Please give back the listing exactly as it reads.

**COLLECTED MATERIAL**
※

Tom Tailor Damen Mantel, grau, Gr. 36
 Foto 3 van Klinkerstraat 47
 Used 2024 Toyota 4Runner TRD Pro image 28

※

**PROBLEM SOLUTION**
Tom Tailor Damen Mantel, grau, Gr. 36
 Foto 3 van Klinkerstraat 47
 Used 2024 Toyota 4Runner TRD Pro image 28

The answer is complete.